The reply must contain exactly the lines below from the one with "YellowMaps Twelve Gauge" down to the one with "2026 New High", both included, and nothing more; please omit the pictures.

■ Input for this task:
· · · ·

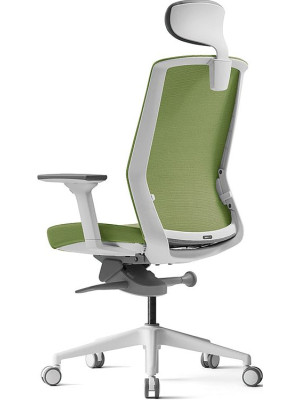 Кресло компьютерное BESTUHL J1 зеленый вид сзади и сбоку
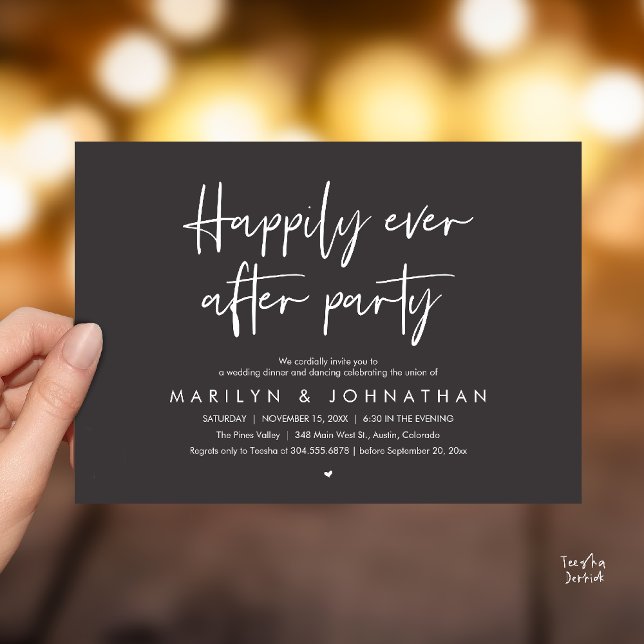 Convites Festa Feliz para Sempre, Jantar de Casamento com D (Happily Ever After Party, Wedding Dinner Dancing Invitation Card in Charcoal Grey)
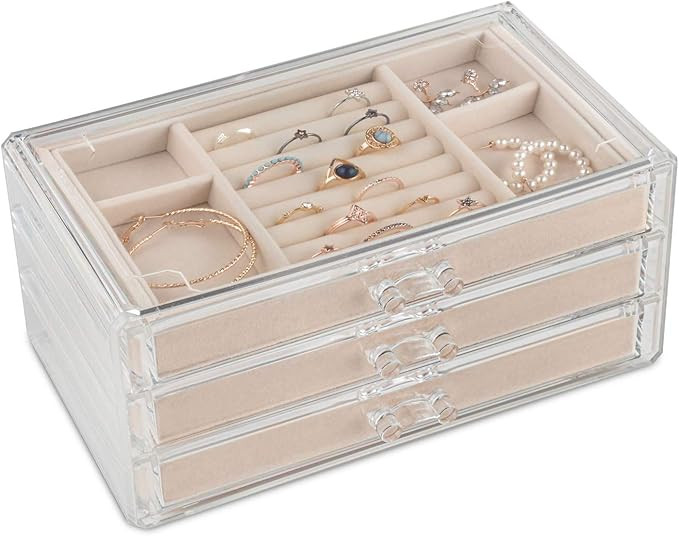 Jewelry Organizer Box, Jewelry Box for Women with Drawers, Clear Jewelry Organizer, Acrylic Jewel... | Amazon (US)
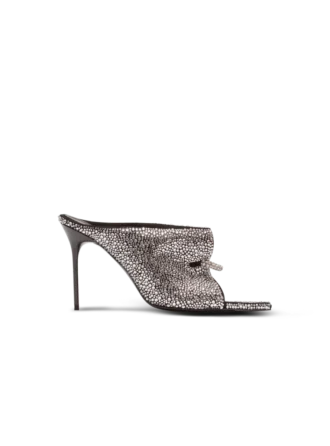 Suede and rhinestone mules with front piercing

· · · ·

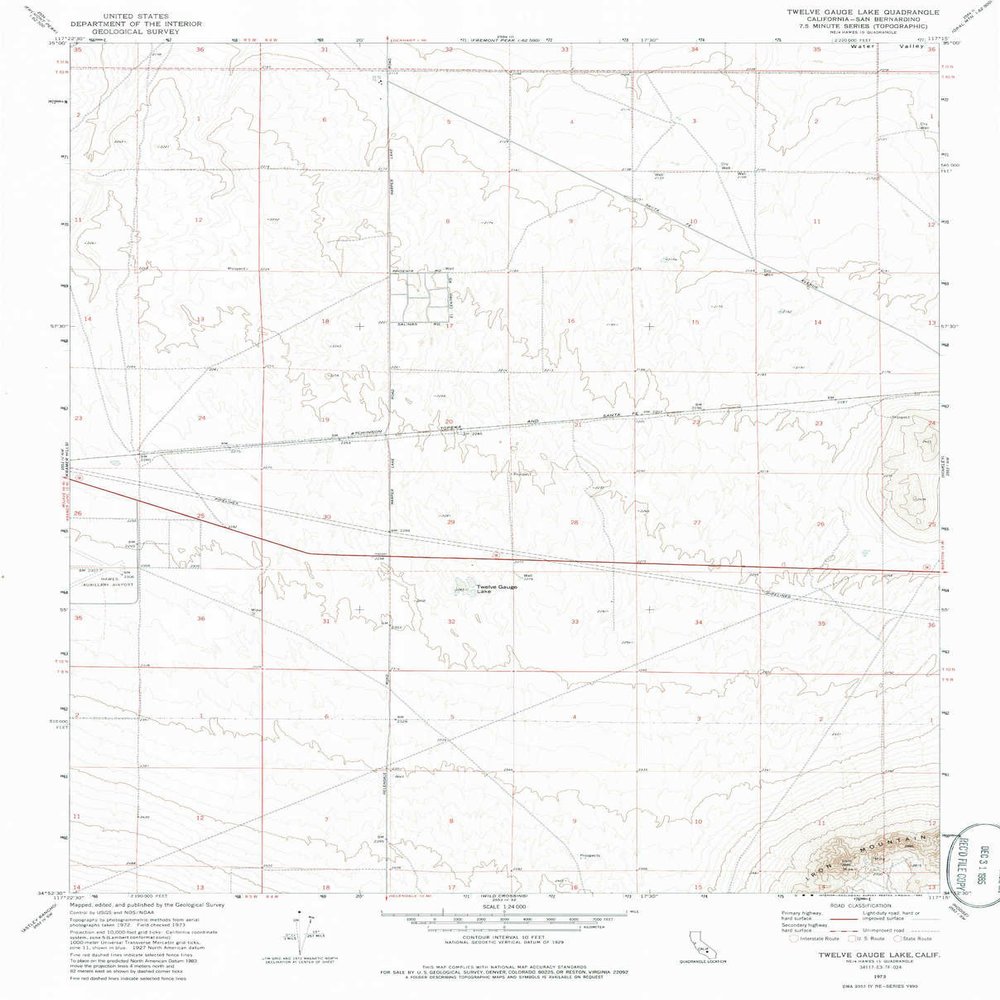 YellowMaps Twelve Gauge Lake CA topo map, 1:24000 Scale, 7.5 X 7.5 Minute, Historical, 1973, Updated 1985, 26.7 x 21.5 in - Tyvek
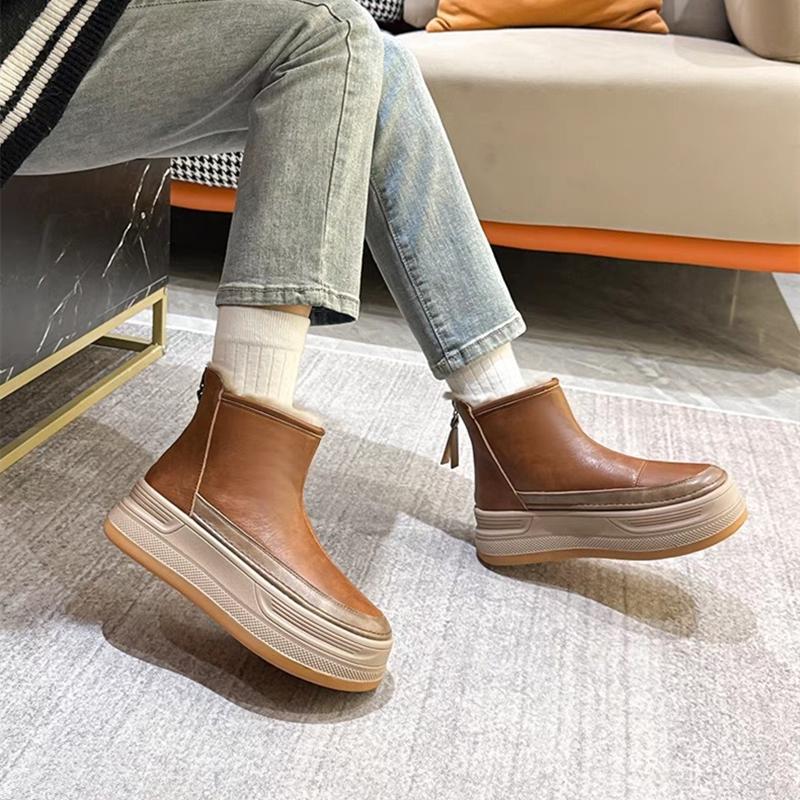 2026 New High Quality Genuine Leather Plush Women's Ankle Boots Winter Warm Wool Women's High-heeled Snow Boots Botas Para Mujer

· · · ·

■ Answer below:
 YellowMaps Twelve Gauge Lake CA topo map, 1:24000 Scale, 7.5 X 7.5 Minute, Historical, 1973, Updated 1985, 26.7 x 21.5 in - Tyvek
 2026 New High Quality Genuine Leather Plush Women's Ankle Boots Winter Warm Wool Women's High-heeled Snow Boots Botas Para Mujer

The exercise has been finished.